PROBLEM DETAILS
Only these lines of the data below are wanted: the one with "Barrette perlée papillon turquoise", the one with "Screened pool enclosure", and any lines between them, each repeated exactly.

DATA TO USE
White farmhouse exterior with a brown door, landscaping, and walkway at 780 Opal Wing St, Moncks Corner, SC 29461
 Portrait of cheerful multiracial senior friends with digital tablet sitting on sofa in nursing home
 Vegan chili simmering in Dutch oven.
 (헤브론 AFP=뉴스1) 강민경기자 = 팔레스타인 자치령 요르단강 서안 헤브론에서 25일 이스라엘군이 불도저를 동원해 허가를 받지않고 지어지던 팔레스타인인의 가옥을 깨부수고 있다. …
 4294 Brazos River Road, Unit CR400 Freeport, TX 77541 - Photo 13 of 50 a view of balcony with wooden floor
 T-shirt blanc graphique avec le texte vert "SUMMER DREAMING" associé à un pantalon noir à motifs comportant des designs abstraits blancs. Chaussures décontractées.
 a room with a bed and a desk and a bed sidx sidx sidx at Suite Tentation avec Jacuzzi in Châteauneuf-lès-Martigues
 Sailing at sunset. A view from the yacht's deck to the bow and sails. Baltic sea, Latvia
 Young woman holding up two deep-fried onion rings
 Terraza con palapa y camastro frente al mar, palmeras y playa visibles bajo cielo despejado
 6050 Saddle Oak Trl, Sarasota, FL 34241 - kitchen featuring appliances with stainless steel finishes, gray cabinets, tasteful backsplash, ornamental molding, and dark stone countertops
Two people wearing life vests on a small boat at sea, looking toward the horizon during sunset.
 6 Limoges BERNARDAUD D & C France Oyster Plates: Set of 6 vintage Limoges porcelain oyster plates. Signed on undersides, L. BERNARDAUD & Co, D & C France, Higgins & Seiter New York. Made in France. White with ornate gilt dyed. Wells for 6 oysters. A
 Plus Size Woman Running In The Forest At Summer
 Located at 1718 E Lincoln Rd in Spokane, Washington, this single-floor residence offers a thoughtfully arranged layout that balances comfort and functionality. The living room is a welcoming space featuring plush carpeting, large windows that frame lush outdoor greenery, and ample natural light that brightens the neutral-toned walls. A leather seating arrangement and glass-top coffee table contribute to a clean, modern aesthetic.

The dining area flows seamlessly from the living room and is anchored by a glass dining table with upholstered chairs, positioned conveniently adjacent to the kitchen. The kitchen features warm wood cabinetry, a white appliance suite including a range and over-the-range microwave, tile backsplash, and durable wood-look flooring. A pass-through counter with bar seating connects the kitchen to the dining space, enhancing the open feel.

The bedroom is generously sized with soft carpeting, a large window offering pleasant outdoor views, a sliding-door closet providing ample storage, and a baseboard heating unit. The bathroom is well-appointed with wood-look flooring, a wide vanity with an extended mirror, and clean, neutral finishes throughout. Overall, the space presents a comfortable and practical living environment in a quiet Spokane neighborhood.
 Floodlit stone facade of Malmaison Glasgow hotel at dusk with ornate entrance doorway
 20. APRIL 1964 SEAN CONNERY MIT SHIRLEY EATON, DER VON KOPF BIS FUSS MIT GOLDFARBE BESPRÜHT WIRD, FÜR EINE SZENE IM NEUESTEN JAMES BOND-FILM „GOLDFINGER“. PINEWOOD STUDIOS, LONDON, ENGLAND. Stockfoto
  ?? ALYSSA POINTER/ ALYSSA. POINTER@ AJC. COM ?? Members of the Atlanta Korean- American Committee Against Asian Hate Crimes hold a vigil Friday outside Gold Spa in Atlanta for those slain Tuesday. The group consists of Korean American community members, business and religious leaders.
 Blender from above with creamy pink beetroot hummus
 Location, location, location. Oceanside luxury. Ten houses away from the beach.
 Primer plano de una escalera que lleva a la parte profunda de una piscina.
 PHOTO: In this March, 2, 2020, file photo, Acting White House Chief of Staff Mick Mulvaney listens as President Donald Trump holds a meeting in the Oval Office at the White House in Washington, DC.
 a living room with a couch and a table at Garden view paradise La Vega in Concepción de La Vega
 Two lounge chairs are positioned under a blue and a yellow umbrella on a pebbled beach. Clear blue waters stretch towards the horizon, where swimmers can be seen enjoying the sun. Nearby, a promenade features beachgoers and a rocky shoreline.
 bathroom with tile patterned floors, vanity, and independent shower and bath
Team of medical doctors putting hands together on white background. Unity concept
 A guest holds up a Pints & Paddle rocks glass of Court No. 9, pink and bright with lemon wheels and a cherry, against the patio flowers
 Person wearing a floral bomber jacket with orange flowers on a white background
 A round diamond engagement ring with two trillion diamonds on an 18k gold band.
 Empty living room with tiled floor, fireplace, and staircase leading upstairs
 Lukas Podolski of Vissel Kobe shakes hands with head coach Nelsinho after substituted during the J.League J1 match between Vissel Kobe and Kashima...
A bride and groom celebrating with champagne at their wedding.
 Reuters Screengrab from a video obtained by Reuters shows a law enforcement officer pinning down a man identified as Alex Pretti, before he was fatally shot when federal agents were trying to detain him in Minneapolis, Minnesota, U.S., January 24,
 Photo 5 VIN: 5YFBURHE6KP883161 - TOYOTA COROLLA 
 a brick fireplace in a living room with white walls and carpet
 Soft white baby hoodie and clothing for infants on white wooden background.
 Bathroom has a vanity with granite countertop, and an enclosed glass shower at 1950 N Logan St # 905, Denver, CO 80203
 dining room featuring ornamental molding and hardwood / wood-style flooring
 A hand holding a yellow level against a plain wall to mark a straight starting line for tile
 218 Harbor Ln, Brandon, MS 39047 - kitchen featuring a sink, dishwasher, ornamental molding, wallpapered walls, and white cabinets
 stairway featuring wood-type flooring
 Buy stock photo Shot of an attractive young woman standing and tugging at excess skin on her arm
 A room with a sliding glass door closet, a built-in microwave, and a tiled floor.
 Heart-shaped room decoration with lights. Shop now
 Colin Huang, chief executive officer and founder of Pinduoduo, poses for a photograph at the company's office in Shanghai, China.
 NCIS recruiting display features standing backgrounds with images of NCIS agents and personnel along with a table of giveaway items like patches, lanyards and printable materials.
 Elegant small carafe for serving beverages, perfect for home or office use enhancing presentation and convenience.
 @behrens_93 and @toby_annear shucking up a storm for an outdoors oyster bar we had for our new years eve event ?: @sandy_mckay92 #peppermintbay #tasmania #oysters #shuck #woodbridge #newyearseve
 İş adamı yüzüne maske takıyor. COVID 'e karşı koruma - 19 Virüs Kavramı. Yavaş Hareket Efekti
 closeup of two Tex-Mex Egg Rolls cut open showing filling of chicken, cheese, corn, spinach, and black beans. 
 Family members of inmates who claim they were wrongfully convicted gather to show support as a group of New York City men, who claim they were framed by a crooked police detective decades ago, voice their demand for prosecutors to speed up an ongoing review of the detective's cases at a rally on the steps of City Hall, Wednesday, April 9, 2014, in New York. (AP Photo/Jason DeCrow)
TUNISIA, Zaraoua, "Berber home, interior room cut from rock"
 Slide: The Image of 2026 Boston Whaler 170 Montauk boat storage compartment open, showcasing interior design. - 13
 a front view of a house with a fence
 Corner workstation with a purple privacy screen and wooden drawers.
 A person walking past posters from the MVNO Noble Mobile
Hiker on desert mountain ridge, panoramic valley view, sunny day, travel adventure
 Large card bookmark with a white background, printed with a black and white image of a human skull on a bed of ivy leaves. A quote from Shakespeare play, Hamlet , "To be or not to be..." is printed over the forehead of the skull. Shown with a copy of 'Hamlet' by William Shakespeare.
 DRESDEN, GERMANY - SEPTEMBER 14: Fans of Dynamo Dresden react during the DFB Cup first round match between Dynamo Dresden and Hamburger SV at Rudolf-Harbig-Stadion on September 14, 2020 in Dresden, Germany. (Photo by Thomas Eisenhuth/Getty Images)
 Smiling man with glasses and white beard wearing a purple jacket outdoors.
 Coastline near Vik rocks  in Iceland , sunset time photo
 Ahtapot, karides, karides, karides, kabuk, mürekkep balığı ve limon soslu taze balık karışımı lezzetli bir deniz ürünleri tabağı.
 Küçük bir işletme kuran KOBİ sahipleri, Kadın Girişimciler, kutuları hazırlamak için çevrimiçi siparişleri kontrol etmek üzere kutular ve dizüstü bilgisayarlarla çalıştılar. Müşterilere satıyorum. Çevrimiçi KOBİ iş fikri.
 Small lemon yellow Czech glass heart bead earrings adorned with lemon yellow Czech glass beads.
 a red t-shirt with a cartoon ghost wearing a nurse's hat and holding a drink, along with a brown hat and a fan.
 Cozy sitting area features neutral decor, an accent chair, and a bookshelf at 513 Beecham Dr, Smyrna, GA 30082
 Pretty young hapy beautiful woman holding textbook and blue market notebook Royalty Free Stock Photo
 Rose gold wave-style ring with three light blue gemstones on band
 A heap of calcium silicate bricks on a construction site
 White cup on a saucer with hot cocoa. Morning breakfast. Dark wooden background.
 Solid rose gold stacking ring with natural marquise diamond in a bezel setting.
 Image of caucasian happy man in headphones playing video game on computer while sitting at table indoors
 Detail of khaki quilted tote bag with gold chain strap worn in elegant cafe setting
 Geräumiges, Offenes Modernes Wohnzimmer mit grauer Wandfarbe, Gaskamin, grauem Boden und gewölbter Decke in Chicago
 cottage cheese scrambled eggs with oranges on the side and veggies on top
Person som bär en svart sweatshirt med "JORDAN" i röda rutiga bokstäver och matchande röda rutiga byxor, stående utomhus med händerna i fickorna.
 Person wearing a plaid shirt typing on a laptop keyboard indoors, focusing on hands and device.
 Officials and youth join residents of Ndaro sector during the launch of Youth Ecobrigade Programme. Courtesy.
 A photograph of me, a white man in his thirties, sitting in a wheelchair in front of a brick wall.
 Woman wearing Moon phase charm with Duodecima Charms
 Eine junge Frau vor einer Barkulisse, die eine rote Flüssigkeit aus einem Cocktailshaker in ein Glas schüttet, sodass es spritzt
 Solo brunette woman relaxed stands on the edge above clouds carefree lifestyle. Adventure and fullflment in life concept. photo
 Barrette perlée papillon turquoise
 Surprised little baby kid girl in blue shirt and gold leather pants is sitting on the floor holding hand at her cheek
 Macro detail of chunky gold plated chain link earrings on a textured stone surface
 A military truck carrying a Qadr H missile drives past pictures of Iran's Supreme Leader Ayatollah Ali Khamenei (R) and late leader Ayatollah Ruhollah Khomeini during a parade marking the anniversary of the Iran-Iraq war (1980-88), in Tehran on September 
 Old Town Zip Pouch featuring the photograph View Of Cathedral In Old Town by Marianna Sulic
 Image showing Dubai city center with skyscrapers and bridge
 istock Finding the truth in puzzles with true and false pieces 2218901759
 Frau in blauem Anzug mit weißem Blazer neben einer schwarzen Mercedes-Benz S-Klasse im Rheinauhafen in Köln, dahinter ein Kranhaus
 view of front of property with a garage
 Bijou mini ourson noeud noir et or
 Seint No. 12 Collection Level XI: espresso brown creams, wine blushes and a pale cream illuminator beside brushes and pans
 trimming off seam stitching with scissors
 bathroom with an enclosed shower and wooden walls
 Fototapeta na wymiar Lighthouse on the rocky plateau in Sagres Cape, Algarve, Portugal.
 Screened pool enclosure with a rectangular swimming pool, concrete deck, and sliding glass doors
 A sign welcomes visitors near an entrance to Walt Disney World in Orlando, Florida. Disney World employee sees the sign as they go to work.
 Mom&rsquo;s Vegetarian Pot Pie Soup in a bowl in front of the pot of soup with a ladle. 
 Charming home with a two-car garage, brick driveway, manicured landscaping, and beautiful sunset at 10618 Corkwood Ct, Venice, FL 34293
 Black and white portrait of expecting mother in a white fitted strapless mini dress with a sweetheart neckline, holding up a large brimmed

OUTPUT OF THE TASK
 Barrette perlée papillon turquoise
 Surprised little baby kid girl in blue shirt and gold leather pants is sitting on the floor holding hand at her cheek
 Macro detail of chunky gold plated chain link earrings on a textured stone surface
 A military truck carrying a Qadr H missile drives past pictures of Iran's Supreme Leader Ayatollah Ali Khamenei (R) and late leader Ayatollah Ruhollah Khomeini during a parade marking the anniversary of the Iran-Iraq war (1980-88), in Tehran on September 
 Old Town Zip Pouch featuring the photograph View Of Cathedral In Old Town by Marianna Sulic
 Image showing Dubai city center with skyscrapers and bridge
 istock Finding the truth in puzzles with true and false pieces 2218901759
 Frau in blauem Anzug mit weißem Blazer neben einer schwarzen Mercedes-Benz S-Klasse im Rheinauhafen in Köln, dahinter ein Kranhaus
 view of front of property with a garage
 Bijou mini ourson noeud noir et or
 Seint No. 12 Collection Level XI: espresso brown creams, wine blushes and a pale cream illuminator beside brushes and pans
 trimming off seam stitching with scissors
 bathroom with an enclosed shower and wooden walls
 Fototapeta na wymiar Lighthouse on the rocky plateau in Sagres Cape, Algarve, Portugal.
 Screened pool enclosure with a rectangular swimming pool, concrete deck, and sliding glass doors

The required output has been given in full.